Todo ser humano es muy libre de tener las ideas políticas que le apetezca o considere convenientes. Pero cuando una persona viste una toga y actúa en un tribunal -sea juez, fiscal o abogado-, debe dejar aparcadas esas ideas políticas -esa ideología- y atenerse sólo a criterios jurídicos.
En la apertura del año judicial tuvimos sendos
ejemplos de lo que se debe y no se debe hacer.

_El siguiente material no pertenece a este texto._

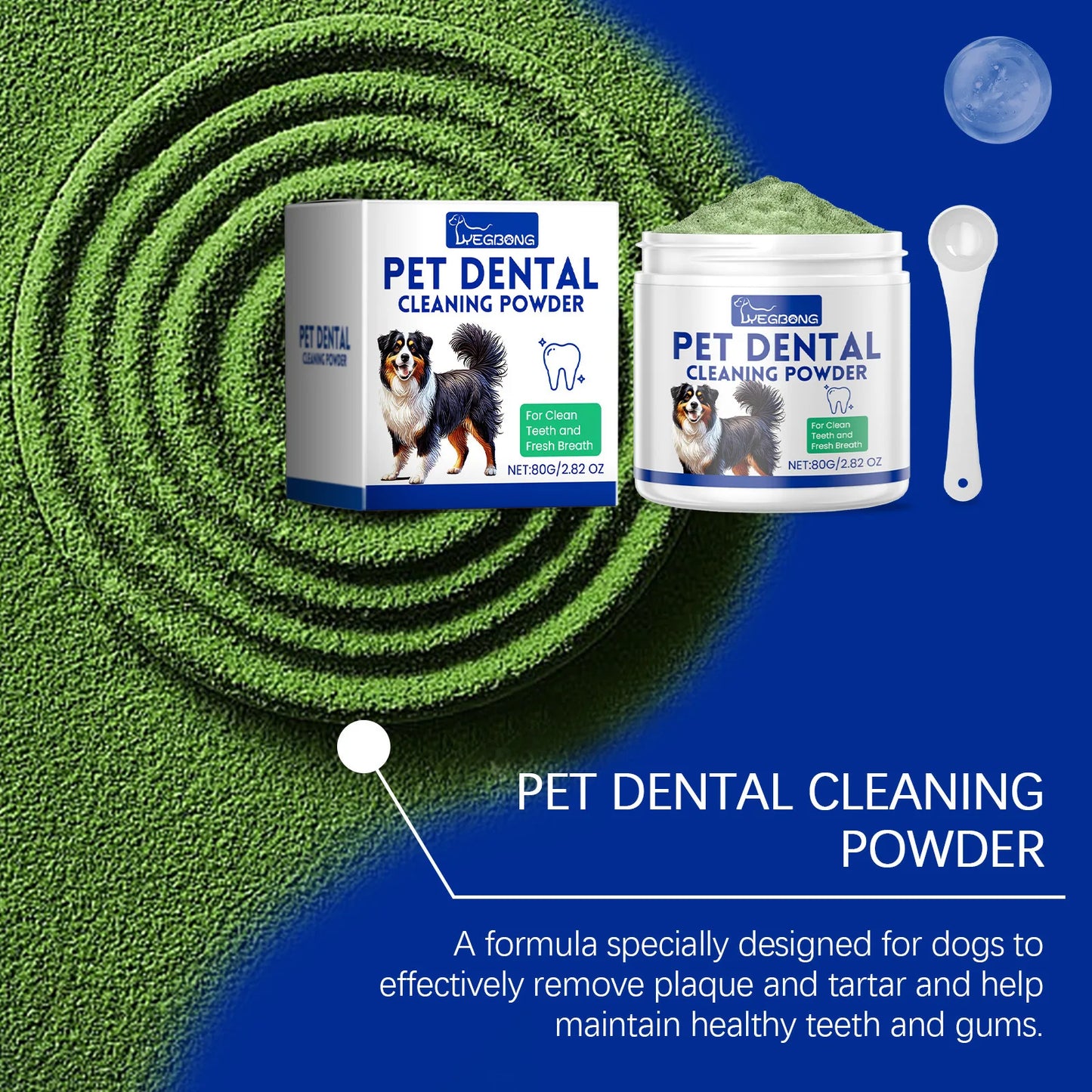 Pet Tooth Cleaning Powder Teeth Stain Remover Eliminates Bad Breath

Puesto que ambos son lo que se
ha dado en llamar progresistas (hablando en plata, de izquierdas), no
cabe aquí achacar el comportamiento correcto o incorrecto (tomando la corrección
desde mi punto de vista, claro está) a la ideología de cada cual.
El fiscal particular del desgobierno
socialcomunista que tenemos la desgracia de padecer arremetió contra la figura de la acusación popular; los mal pensados dirán que porque tanto el hermano
como la pareja del psicópata de la Moncloa están sintiendo el aliento de la dama de los ojos vendados en la nuca.
La recién elegida presidente del Tribunal Supremo (y, por lo tanto, también del Consejo General del Poder Judicial), en cambio, reivindicó la importancia de salvaguardar la independencia judicial, lo que a algunos nos da la esperanza de la resurrección de Charles de Secondat.